[[ THE RECORDS open ]]
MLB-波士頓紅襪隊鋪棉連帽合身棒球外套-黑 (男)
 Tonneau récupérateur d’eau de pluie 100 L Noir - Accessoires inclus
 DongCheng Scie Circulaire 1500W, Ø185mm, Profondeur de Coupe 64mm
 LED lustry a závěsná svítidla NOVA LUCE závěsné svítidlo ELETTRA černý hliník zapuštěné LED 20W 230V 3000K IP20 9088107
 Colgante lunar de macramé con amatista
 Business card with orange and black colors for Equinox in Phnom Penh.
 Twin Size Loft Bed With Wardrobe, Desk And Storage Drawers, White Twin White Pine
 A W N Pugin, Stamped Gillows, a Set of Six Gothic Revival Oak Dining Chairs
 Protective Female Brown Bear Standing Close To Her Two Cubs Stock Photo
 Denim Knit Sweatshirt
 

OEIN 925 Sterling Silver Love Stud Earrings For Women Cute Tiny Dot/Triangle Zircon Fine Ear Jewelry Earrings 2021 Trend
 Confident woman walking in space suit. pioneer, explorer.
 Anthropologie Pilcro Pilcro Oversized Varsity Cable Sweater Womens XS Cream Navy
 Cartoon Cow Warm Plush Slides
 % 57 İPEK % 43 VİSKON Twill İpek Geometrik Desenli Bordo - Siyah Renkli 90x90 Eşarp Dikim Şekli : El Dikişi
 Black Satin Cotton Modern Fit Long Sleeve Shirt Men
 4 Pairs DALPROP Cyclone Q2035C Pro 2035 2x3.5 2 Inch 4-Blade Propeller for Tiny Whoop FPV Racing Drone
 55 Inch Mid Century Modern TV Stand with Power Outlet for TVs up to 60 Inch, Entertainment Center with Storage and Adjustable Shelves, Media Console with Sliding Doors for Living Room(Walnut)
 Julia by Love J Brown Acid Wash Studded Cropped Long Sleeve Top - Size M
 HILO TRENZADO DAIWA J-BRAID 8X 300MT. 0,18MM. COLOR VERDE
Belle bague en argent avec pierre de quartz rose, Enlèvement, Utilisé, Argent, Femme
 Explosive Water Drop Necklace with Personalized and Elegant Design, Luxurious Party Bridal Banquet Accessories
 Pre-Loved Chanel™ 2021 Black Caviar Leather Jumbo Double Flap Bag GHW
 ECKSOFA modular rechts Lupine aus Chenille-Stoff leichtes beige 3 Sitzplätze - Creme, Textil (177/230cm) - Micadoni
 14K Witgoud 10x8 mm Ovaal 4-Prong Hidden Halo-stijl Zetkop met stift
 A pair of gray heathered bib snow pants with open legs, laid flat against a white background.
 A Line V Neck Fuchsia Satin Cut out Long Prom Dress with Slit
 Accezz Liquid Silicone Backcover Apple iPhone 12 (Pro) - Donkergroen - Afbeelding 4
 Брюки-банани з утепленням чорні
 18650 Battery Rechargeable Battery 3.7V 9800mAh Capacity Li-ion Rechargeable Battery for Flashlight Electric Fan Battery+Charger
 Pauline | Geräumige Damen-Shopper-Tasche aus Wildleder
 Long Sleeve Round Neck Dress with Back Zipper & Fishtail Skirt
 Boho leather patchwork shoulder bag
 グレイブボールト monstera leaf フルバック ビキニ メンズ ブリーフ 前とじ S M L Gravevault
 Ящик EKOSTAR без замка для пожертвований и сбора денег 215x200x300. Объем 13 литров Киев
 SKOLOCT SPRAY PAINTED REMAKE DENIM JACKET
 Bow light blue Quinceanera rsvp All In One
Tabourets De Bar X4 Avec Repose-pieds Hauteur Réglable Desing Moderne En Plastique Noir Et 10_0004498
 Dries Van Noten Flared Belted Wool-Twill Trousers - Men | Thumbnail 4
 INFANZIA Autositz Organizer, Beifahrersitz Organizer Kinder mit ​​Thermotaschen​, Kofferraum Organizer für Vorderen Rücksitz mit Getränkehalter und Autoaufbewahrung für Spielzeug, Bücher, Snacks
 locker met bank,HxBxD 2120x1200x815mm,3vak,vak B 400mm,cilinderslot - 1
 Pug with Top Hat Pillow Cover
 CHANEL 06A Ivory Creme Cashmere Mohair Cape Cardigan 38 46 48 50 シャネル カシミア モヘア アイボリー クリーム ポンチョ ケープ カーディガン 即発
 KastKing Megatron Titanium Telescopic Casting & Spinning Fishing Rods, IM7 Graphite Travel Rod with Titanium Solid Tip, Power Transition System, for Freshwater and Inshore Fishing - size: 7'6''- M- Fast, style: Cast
[[ THE RECORDS closed ]]
Of the lines above, extract only those from the line with "Business card with" to the line with "Confident woman walking", both included, exactly as written.

 Business card with orange and black colors for Equinox in Phnom Penh.
 Twin Size Loft Bed With Wardrobe, Desk And Storage Drawers, White Twin White Pine
 A W N Pugin, Stamped Gillows, a Set of Six Gothic Revival Oak Dining Chairs
 Protective Female Brown Bear Standing Close To Her Two Cubs Stock Photo
 Denim Knit Sweatshirt
 

OEIN 925 Sterling Silver Love Stud Earrings For Women Cute Tiny Dot/Triangle Zircon Fine Ear Jewelry Earrings 2021 Trend
 Confident woman walking in space suit. pioneer, explorer.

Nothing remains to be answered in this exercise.